If your schema contains areas, plain text (with properly escaped newlines, in the case of CSV) can be imported for those columns.

Importing a file

Just click the "import" button in the "manage" view of your pieces and you'll be invited to pick a file. Once you select it a progress display appears. When the import completes, statistics are provided displaying the count of successful records and errors.

If you click "cancel" before the import is complete, all pieces imported so far are deleted.

Importing rich text (HTML) rather than plaintext

By default, if you create a column in your CSV file for a field of type area, it will be imported as plaintext. Any special characters like < and > will be escaped so the user can see them. HTML is not supported.

To import areas as rich text HTML markup, set the importAsRichText: true property of the area field in your schema.

For historical reasons, the apostrophe-pieces-export module behaves the opposite way by default. You can set importAsRichText: true or exportAsPlaintext: true to force them to behave the same way.

Updating existing pieces

You can also update existing pieces via this module.

To do that, you will need one (and only one) key column in your file. This column's name must be exactly the name of the existing field that uniquely identifies each row as an update of a specific existing piece, followed by :key.

For instance, if you need to change the usernames of users in bulk, you might prepare a CSV file like this:

username:key,username
bobsmith,bob.smith
janedoe,jane.doe

The key column is the old value. You may optionally also present a new value for that same column in a separate column without :key. You may also include other columns, as you see fit. The important thing is that you must have one and only one :key column in order to carry out updates.

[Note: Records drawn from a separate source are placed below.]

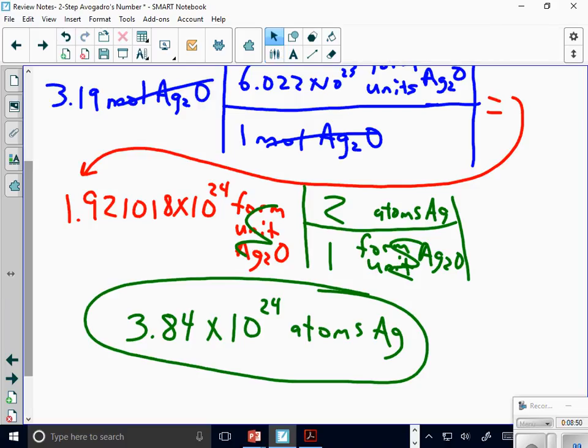It's not a terribly challenging step that we've just added, but if you don't identify it from the original problem, you're going to complete it wrong. It's not an incredibly challenging step — just identify that particular step. Do we understand the sig figging? Sig fig it at the end.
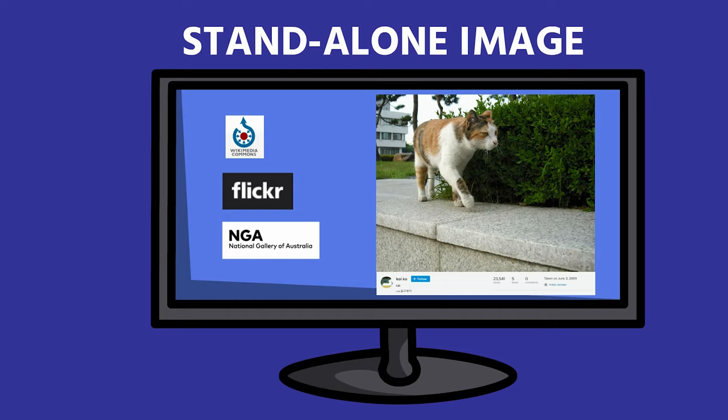The image is cited in text and in the reference list. Here's an example.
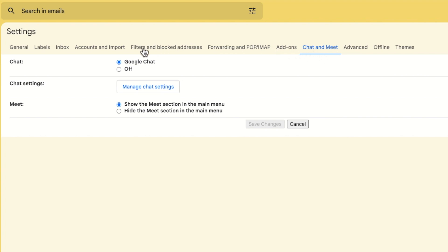I'll start by moving my mouse down to the chat section. At the moment Google chat is switched on but I want to switch that off so I'll click once on the off option below it.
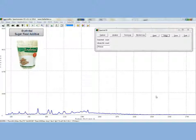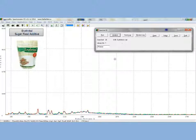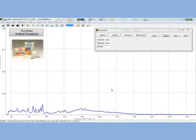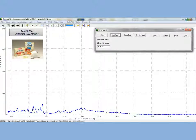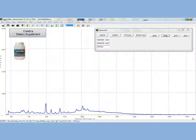Now let's do an example with erythritol, a sugar food additive. Click analyze and we can clearly get the erythritol spectrum. Now let's look at sucralose, an artificial sweetener. Click analyze and we clearly get sucralose in a vial from the library. We can compare the library spectrum with the taken spectrum easily and simply.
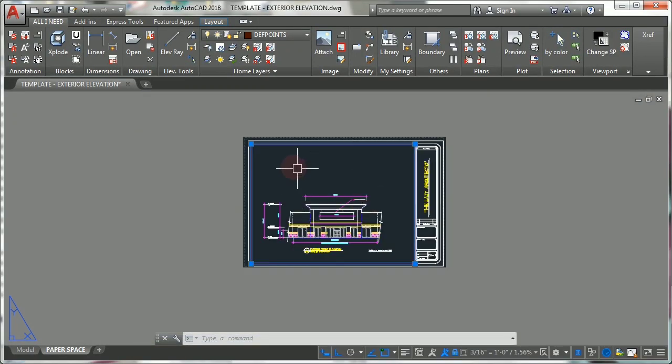AutoCAD user, I used to have the same viewport problems, but these tricks simplified my life.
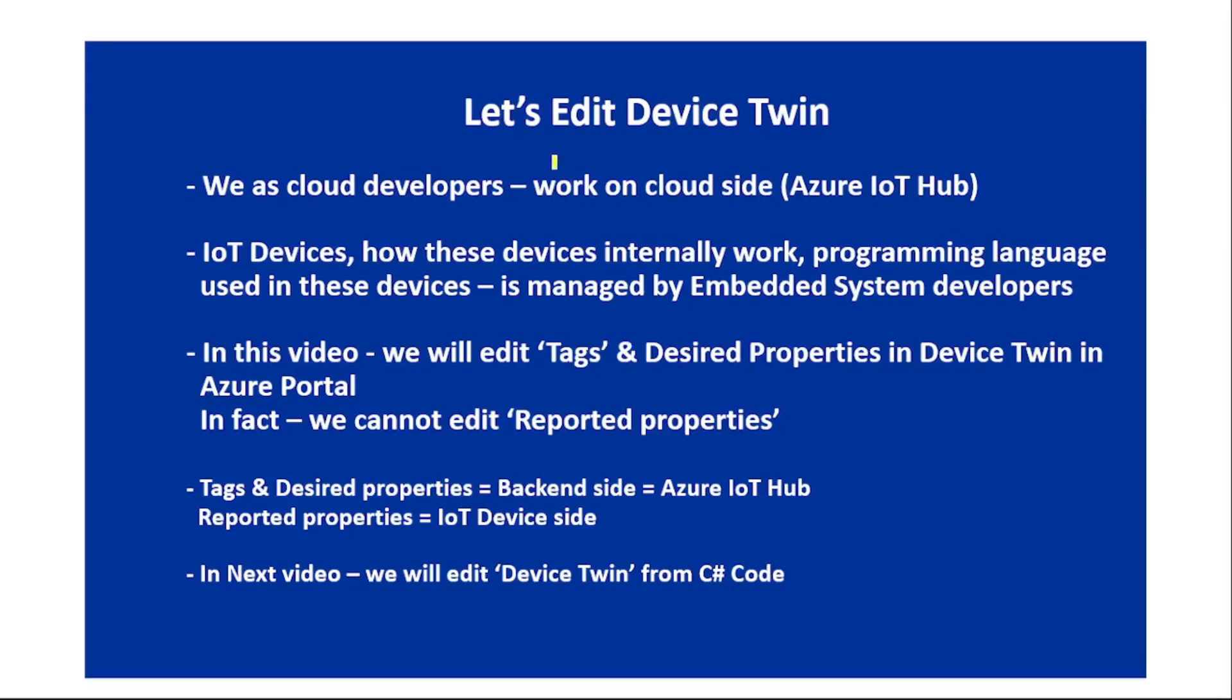Hello guys, in this video let's edit device twin. This is going to be a short and simple video. Now, we as cloud developers work mostly on cloud side, that is Azure IoT Hub.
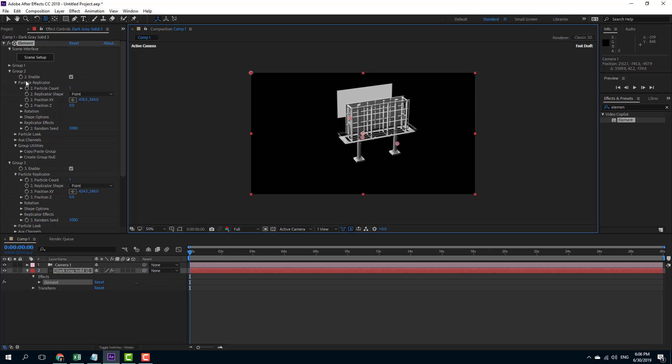That is how you can isolate objects and then work with the individual objects inside of Element 3D. Hope you guys learned something, and as always please like, comment, share, and subscribe.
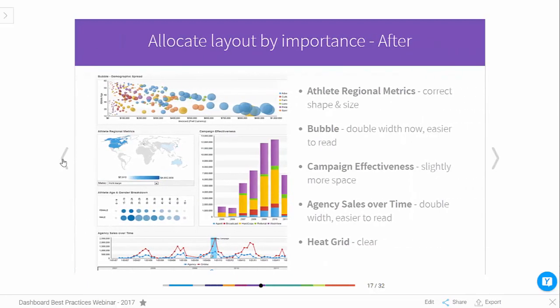This is the after. There are some subtle changes: the bubble chart has been moved up to the top because that's the most important information, and it's been stretched out so the bubbles aren't squashed. The map has been resized properly, removing white space. And the trend chart at the bottom has been stretched out so we can see it more clearly. Simple changes in layout will improve the usability of the dashboard.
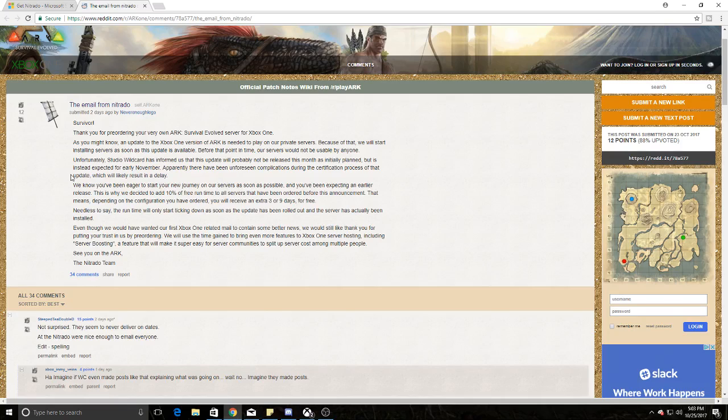It's been delayed another while for Xbox One servers. They are having more issues with it, so they're saying it's not going to be until early November that we're going to see anything. Trondo sent this email out, not Wildcard.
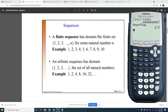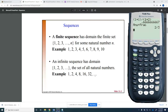A finite sequence is one where you can count all the numbers — for example, here I see 10 numbers that I can physically count. An infinite sequence has an infinite set of numbers, denoted by three dots called an ellipsis, meaning the list never stops and keeps going.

Mixing inserts and updates

If a row has no value for your :key column, it is treated as an insert, rather than an update.

Updating unpublished and trashed documents is allowed

Since version 2.11, you may update docs that are unpublished or in the trash.

Note that it is also possible to publish (or unpublish) a doc via this module, by setting the publish property to 1 (published) or 0 (unpublished).

Similarly, you may trash a doc via this module by setting the trash property to 1 (in the trash) or 0 (not in the trash).

Importing joins

joinByOne and joinByArray columns may be imported. For joinByOne the column can match the title or the _id of the doc you're joining to (of course, title is not a useful option if they are not unique). For joinByArray it can be a comma-separated list of titles or _ids, however note that titles with commas cannot be matched in this way; in practice a list of _ids is the best option here.

The doc being joined to must already exist; if not the join will not be populated. If you need to import both, import things being joined to before the things that join with them.

Localization, imports and apostrophe-workflow

When using apostrophe-workflow for localization new inserts made with the apostrophe-pieces-import module will always be in the current locale. The same is true for updates.

However, you may use the workflowGuid column as an update key to import, for instance, a Spanish (es) version of an existing English (en) document so that they remain connected.

Let's say you've already imported a piece in English. When you first do that, it also comes into existence in other locales, however it is in the trash until you choose to edit it in other languages.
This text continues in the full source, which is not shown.